B. Siwak: W sprawie Bema odwołamy się nawet do Strasbourga! [WIDEO]
![B. Siwak: W sprawie Bema odwołamy się nawet do Strasbourga! [WIDEO] B. Siwak: W sprawie Bema odwołamy się nawet do Strasbourga! [WIDEO] - Serwis informacyjny z Raciborza - naszraciborz.pl](img/archiwum-mini.jpg)
Na ulicy Bema odbyło się dziś spotkanie komitetu mieszkańców Raciborza przeciwnych przebudowie ulicy w wersji zaproponowanej przez urząd. Spotkanie zorganizował raciborski ekolog, Bogusław Siwak.

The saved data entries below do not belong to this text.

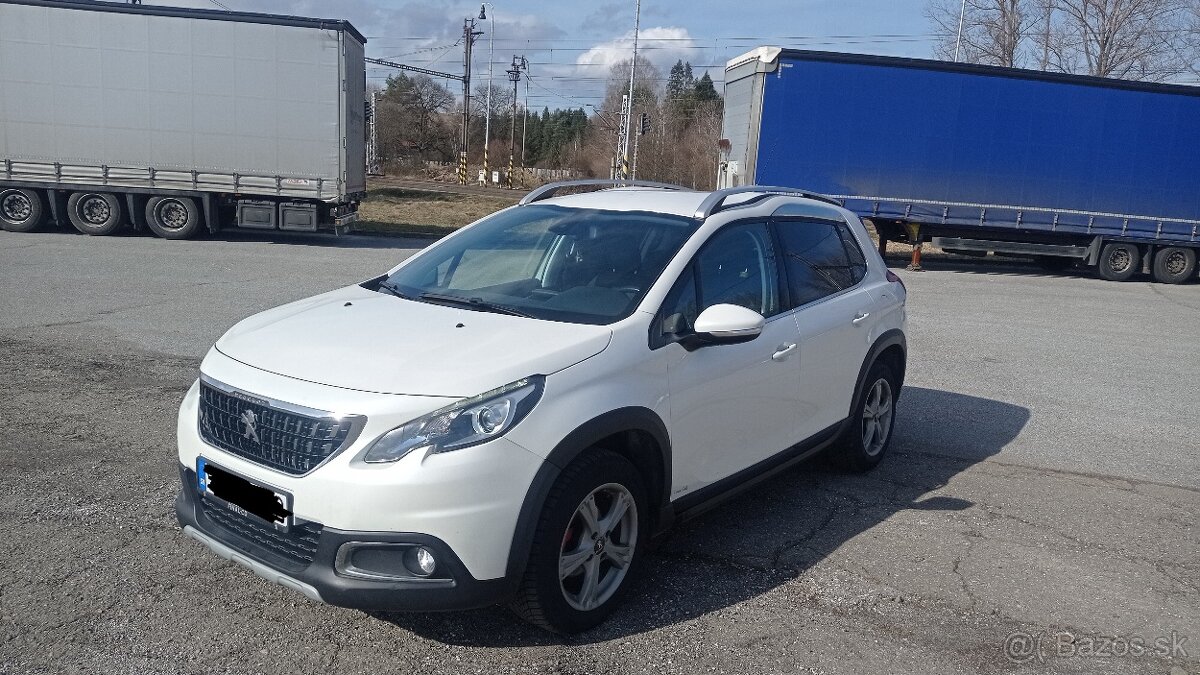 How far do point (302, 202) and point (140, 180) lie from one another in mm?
3019

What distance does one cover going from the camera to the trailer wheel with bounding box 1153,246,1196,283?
2033cm

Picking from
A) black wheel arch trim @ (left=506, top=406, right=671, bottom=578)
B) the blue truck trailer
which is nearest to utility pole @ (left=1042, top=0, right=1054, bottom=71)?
the blue truck trailer

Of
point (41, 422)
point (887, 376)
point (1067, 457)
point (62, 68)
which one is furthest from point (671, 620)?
point (62, 68)

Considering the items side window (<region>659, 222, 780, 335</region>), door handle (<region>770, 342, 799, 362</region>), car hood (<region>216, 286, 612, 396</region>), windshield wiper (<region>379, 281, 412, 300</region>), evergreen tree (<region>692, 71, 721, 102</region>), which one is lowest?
door handle (<region>770, 342, 799, 362</region>)

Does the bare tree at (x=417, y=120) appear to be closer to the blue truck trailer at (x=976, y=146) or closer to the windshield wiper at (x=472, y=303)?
the blue truck trailer at (x=976, y=146)

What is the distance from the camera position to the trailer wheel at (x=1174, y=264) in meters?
20.3

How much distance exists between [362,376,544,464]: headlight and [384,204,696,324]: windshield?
72cm

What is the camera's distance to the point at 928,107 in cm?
1911

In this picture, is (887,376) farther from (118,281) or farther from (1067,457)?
(118,281)

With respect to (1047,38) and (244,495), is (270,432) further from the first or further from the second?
(1047,38)

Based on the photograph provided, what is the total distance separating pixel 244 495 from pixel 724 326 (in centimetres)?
198

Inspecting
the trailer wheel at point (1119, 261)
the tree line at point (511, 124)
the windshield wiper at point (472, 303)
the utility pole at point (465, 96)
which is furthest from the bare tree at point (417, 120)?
the windshield wiper at point (472, 303)

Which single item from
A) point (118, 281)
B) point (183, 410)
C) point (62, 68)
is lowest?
point (118, 281)

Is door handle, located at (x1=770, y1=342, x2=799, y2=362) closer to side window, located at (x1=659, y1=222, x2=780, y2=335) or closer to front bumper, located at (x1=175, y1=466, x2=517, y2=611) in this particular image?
side window, located at (x1=659, y1=222, x2=780, y2=335) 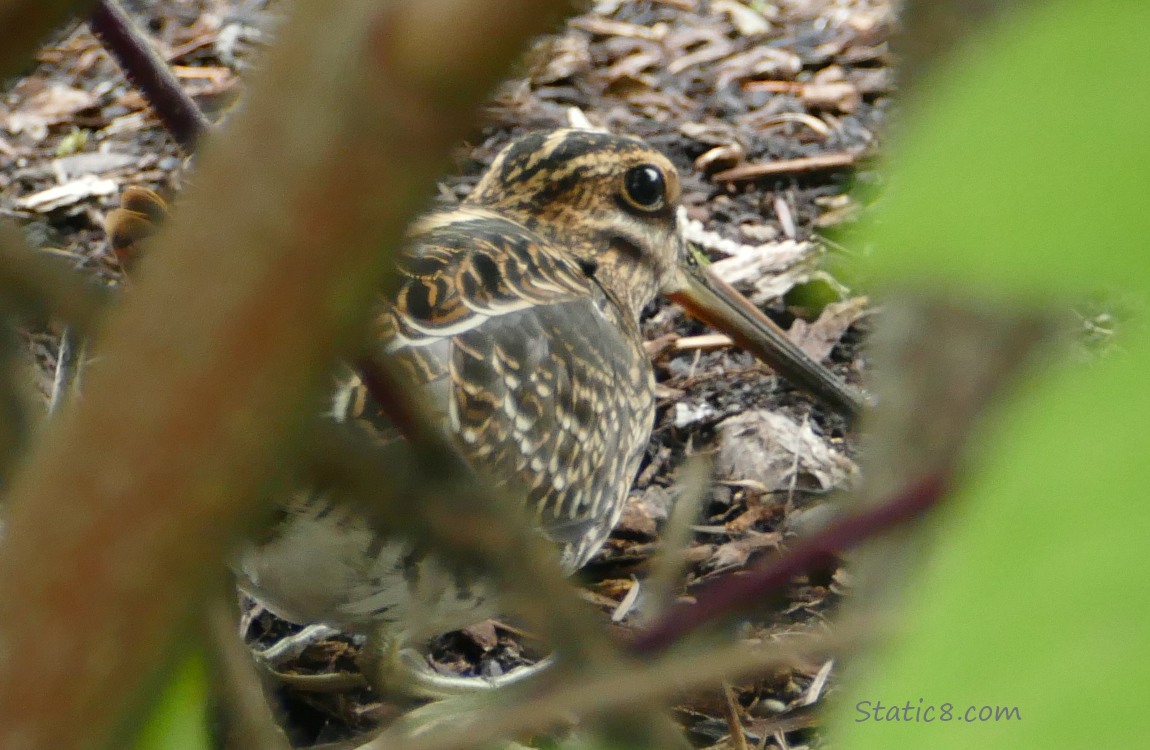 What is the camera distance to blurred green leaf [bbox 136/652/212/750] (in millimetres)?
282

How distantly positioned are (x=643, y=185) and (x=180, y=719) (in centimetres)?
164

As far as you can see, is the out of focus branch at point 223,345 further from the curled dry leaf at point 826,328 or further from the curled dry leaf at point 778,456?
the curled dry leaf at point 826,328

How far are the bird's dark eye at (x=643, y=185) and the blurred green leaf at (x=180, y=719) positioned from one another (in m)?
1.62

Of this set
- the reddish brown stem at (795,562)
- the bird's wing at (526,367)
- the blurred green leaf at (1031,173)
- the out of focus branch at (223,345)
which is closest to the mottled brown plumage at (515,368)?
the bird's wing at (526,367)

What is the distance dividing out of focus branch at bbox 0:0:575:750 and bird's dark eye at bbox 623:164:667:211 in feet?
5.50

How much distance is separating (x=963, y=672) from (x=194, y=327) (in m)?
0.15

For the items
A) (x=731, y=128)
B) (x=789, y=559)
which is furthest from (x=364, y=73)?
(x=731, y=128)

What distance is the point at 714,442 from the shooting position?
2047 millimetres

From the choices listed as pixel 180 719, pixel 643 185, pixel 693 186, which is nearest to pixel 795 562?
pixel 180 719

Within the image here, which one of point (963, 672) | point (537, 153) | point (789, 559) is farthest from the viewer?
point (537, 153)

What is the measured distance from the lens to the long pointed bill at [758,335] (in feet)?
6.21

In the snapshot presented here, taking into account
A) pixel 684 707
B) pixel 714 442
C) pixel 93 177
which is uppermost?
A: pixel 93 177

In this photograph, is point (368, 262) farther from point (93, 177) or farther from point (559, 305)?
point (93, 177)

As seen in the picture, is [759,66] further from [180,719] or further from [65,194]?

Na wstępie spotkanie Bogusław Siwak poinformował, że powstała już czwarta petycja w sprawie zaniechania przebudowy w takim wymiarze jaki planuje raciborski magistrat. – Petycja powstała w sobotę, ósmego maja. Dotąd zebraliśmy już ponad sto podpisów, w tym dwadzieścia od samych mieszkańców ulicy Bema – mówił raciborski ekolog.
Raciborzanin zaznaczył, że mieszkańcy nie są przeciwni remontowi drogi, ale nie zgadzają się z projektem przygotowanym na zlecenie Urzędu Miasta. – Przede wszystkim chcemy zmiany organizacji ruchu z dwu na jednokierunkowy. Nie zgadzamy się także z brukowaniem zieleni pod miejsca parkingowe, gdyż nie przybędzie od tego miejsca, ponieważ ma obowiązywać parkowanie równoległe. Nie można także pozwolić na przeniesienie miejsc parkingowych pod samo przedszkole, ponieważ te samochody będą smrodzić tym dzieciom, które teraz bawią się na placu zabaw – referował założenia projektu B. Siwak, dodając, że sprawa została już zgłoszona do sądu.
O miejskiej inwestycji na ul. Bema w prezentacji Urzędu Miasta
W trakcie spotkania głos zabrali także inni mieszkańcy niezadowoleni z proponowanego projektu przebudowy ulicy Bema. - Na końcu tej ulicy jest drugie przedszkole. Jak ten remont ma się do dzieci? Kto zagwarantuje, że te klony pozostaną na miejscu, a nie zostaną wycięte? – pytała raciborzanka.
- Jako mama dzieci w wieku przedszkolnym uważam, że ulica przy przedszkolu powinna być bezpieczna, najlepiej jednokierunkowa i z ograniczeniem prędkości. Teraz dzieci mają ładnie, naprawdę zielono, ale nikt nie dał gwarancji, że te drzewa po prostu nie znikną – zauważyła inna mieszkanka Raciborza.
Bogusław Siwak przypomniał także, że mieszkańcy zwrócili się w tej sprawie także do premiera Mateusza Morawieckiego. – Apelowaliśmy, o wstrzymanie funduszy na ten remont, a przeznaczenie ich na walkę ze smogiem w Raciborzu. Niestety, pan premier nas nie posłuchał. Na poprawę jakości powietrza środków nie dał, a przeznaczył środki na lodowisko, które wielu mieszkańców po prostu wyśmiało, na lewostronne bulwary, gdzie będzie po prostu masa betonu. Nasze zdrowie się dla nikogo nie liczy – grzmiał raciborski ekolog.
- Jestem wielbicielką przyrody i ja bym tutaj wykonała jedynie ścieżkę rowerową, nic więcej. Prezydent Polowy wszystko niszczy, to człowiek, który nie dba o przyrodę w ogóle. Wszędzie beton, nie ma zieleni. Takiego prezydenta nikomu bym nie życzyła – mówiła rozgoryczona raciborzanka.
Bogusław Siwak stwierdził także, że jeśli sprawa w sądzie nie zakończy się po myśli mieszkańców niechętnych proponowanym rozwiązaniom, to złożone zostanie odwołanie do Strasbourga. – Nawet jeśli przegramy tam, to pokażemy tą głupotę, która się dzieje w Raciborzu od wielu lat. Cała Europa zazielenia ulice, spowalnia ruch, tylko nie u nas – stwierdził raciborzanin.